11/02/2016 Debra Waters
© Creative Commons/Sugarland Dental Spa

Bad breath, or halitosis, is an embarrassing condition. It’s also one of the most common – a quarter of us get it regularly and it can affect us at any time. The good news is that there are ways to treat it.

Dr Mervyn Druian, from The London Centre for Cosmetic Dentistry, explains: “There are a few reasons why people may suffer from halitosis; however, over 90% of the circumstances are due to poor oral hygiene and, in more serious cases, gum disease.”

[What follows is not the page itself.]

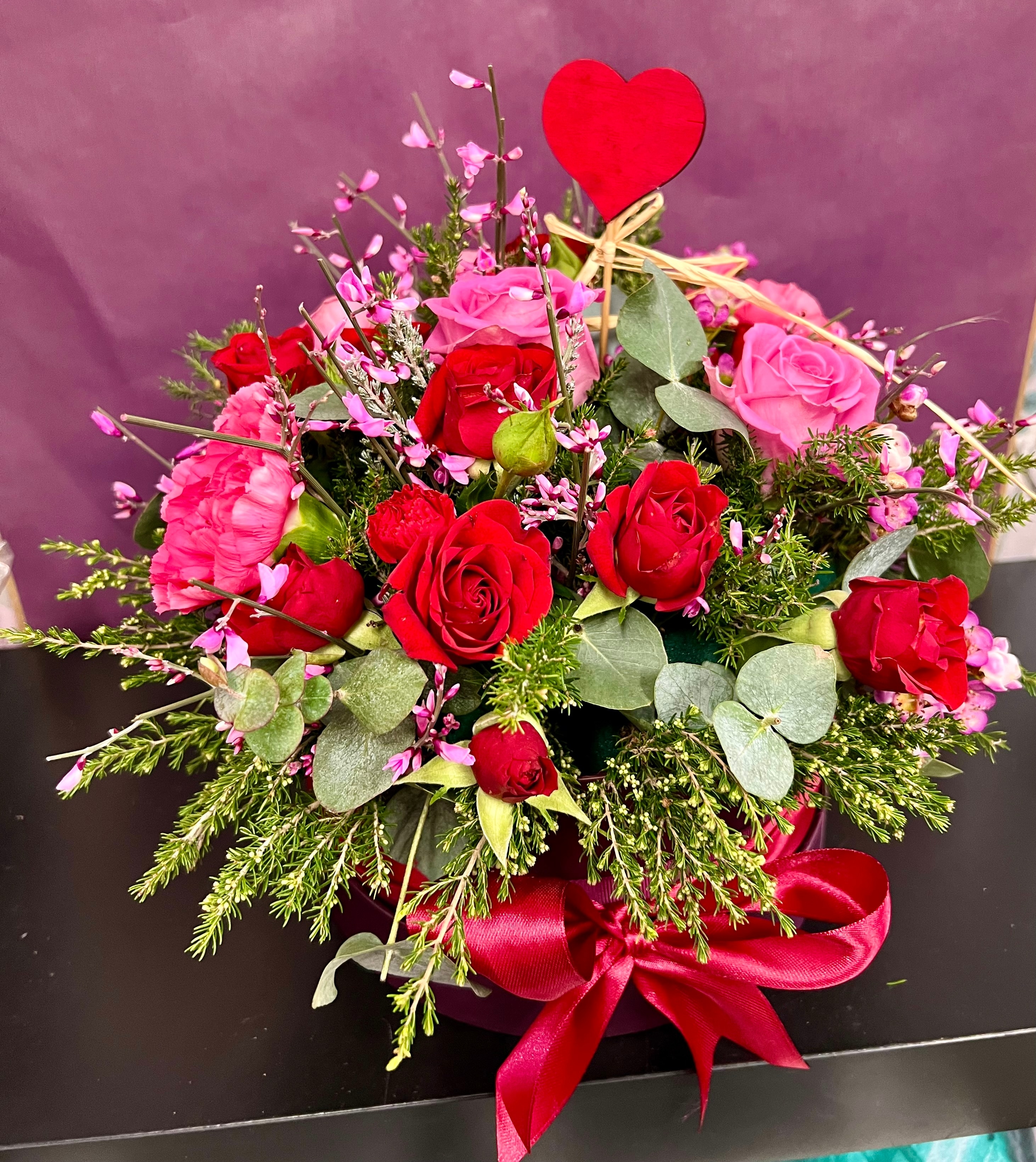 Red and Pink Rose Hatbox Flower Arrangement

So, how can you tell if you’ve got halitosis? Try licking the inside of your wrist, wait for the saliva to dry then smell it. If there’s an unpleasant aroma, your breath probably smells. Or “if there is any bleeding of gums when brushing teeth there's a very strong chance of bad breath occurring,” says Dr Druian.

© Rex/Serge Pouzet/Sipa

Reasons for bad breath

Poor oral hygiene

The less we brush our teeth and floss the more food stays trapped between our teeth, allowing oral gram-negative anaerobic bacteria (which breaks down food) to build up and release foul-smelling gases.

Food and drink

Strong smelling foods such as garlic and onions are renowned for causing bad breath, whilst coffee and alcohol reduce saliva flow, enabling oral bacteria to hang around longer.

Smoking

Smoking is a particular offender for a number of reasons: smoke lingers in the lungs and mouth, creating a stale stink associated with smoker’s breath; smoking dries out the mouth so oral bacteria is less likely to be washed away; and cigarette and tobacco smoke contains pungent chemicals that create pungent breath. Smoking also contributes to the build-up of tartar on teeth, which can increase the chances of gum disease.

Gum disease/gingivitis

Gingivitis – a more advanced form of gum disease – is when gums bleed or become infected. If this sounds familiar you’re not alone – it’s thought that more than half of British adults have experienced it.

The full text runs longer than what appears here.